Exercise brief
Only reproduce the lines from the line containing "Clinical trials advantages" onward, exactly, through the final line of the data below.

START Information shown

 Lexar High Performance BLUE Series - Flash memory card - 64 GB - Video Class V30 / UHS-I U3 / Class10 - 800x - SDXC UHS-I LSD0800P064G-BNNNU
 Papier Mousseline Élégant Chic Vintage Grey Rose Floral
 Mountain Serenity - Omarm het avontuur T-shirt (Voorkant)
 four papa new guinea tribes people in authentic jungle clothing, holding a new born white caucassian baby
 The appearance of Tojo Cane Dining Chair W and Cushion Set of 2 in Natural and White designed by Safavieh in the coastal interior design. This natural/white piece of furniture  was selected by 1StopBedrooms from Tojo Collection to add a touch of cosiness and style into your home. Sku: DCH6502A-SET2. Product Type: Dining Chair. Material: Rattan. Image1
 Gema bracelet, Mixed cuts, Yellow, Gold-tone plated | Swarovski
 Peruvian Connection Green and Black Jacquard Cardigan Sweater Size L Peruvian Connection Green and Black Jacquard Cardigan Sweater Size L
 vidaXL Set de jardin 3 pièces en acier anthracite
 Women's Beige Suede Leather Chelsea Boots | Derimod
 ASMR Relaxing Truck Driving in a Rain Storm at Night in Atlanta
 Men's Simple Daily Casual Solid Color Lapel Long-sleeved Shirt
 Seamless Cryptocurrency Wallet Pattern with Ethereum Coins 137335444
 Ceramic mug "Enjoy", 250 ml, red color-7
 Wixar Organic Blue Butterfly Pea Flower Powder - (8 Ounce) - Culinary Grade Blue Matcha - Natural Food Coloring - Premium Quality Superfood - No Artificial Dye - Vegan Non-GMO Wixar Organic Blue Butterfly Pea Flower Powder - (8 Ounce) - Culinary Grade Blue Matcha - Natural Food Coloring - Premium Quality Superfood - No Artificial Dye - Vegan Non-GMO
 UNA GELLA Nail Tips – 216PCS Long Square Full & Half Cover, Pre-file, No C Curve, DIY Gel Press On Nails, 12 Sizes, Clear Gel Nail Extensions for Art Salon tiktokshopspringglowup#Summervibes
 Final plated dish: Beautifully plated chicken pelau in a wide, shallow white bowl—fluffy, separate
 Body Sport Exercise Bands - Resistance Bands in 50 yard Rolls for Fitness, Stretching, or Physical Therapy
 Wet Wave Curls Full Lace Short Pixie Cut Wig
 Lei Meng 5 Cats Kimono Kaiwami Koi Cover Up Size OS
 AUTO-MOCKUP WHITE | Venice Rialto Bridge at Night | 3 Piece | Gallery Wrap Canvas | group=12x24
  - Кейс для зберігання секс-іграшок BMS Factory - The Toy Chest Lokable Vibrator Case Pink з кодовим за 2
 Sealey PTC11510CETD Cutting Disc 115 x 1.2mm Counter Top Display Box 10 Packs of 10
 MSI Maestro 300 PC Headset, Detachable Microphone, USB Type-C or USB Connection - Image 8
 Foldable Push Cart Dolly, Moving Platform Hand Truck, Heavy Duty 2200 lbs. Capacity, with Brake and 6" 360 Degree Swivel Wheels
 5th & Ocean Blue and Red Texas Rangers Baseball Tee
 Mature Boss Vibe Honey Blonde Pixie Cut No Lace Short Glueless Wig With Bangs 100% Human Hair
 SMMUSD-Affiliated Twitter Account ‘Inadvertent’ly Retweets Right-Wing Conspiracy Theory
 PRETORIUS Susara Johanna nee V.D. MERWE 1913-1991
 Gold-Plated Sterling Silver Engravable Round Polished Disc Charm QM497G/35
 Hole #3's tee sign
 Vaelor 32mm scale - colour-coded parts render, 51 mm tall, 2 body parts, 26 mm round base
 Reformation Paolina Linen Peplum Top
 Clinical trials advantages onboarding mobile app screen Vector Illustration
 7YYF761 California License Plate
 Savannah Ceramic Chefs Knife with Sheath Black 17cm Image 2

END Information shown

Answer space
 Clinical trials advantages onboarding mobile app screen Vector Illustration
 7YYF761 California License Plate
 Savannah Ceramic Chefs Knife with Sheath Black 17cm Image 2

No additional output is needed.